— TASK ITEM —
Would you output the entries below only from the line containing "Водитель под наркотиками" through the line containing "Queen Bed, Sofa, The Cove At Yarmouth 1/5", exactly as they stand and with both ends included?

ENTRIES SUPPLIED below:

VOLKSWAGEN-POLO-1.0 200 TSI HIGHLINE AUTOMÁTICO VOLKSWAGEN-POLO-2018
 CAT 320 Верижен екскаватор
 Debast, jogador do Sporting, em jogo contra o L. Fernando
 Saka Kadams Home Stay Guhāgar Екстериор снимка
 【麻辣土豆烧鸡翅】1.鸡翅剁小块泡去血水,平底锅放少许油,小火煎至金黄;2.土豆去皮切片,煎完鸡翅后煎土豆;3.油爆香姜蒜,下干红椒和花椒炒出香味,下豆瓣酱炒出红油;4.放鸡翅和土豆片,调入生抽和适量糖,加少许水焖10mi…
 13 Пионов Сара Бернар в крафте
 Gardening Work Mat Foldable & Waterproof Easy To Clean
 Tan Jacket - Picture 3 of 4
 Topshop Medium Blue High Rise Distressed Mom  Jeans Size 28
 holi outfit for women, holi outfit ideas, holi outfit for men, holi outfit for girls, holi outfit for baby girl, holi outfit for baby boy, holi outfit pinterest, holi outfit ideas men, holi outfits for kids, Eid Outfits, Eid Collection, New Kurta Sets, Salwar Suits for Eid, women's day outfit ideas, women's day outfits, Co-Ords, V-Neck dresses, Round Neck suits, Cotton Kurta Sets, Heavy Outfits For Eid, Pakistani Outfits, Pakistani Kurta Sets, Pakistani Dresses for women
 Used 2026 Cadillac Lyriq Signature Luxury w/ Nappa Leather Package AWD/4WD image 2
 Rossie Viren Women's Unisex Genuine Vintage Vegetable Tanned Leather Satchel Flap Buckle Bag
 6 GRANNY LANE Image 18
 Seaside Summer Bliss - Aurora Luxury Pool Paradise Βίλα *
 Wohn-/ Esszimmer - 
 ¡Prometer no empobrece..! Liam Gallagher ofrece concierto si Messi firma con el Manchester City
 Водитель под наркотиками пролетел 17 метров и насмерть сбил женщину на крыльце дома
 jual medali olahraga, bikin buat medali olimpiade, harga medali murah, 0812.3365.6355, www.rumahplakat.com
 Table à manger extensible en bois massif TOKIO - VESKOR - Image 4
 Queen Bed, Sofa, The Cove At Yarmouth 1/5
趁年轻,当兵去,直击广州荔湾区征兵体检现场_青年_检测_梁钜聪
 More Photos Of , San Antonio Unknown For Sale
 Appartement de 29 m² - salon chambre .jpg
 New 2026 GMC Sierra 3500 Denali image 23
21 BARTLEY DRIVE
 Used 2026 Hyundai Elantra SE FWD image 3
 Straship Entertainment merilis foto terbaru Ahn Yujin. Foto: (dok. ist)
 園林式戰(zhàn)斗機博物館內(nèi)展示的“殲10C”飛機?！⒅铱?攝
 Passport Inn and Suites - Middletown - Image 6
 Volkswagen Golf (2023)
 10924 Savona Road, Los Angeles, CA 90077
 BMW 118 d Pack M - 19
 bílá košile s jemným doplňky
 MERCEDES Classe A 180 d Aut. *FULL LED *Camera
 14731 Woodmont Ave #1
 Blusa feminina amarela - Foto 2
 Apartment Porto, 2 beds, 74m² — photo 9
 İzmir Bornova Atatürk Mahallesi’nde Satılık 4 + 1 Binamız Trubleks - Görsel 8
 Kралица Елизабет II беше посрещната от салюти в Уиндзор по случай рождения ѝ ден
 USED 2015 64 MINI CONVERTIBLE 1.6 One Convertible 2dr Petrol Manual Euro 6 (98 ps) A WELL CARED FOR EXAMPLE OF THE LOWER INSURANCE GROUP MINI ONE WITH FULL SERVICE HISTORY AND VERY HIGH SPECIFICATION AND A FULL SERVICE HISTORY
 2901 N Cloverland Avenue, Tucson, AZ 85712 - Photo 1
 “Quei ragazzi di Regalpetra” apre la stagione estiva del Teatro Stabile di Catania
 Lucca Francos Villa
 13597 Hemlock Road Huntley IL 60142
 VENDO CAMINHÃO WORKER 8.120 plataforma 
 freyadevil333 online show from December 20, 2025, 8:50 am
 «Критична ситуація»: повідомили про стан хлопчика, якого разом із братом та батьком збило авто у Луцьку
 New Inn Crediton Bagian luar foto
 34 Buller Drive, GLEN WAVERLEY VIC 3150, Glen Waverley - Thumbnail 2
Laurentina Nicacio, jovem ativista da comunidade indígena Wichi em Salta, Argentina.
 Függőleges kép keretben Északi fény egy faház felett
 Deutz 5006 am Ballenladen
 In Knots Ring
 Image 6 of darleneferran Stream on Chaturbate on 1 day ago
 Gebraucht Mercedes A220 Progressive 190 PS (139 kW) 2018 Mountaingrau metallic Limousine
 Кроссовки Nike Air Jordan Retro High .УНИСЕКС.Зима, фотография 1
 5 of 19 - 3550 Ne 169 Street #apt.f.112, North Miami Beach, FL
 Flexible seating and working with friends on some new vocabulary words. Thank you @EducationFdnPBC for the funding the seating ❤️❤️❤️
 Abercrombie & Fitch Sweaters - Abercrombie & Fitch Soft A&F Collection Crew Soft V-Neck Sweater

End of ENTRIES SUPPLIED.

— SOLVED PROBLEM —
 Водитель под наркотиками пролетел 17 метров и насмерть сбил женщину на крыльце дома
 jual medali olahraga, bikin buat medali olimpiade, harga medali murah, 0812.3365.6355, www.rumahplakat.com
 Table à manger extensible en bois massif TOKIO - VESKOR - Image 4
 Queen Bed, Sofa, The Cove At Yarmouth 1/5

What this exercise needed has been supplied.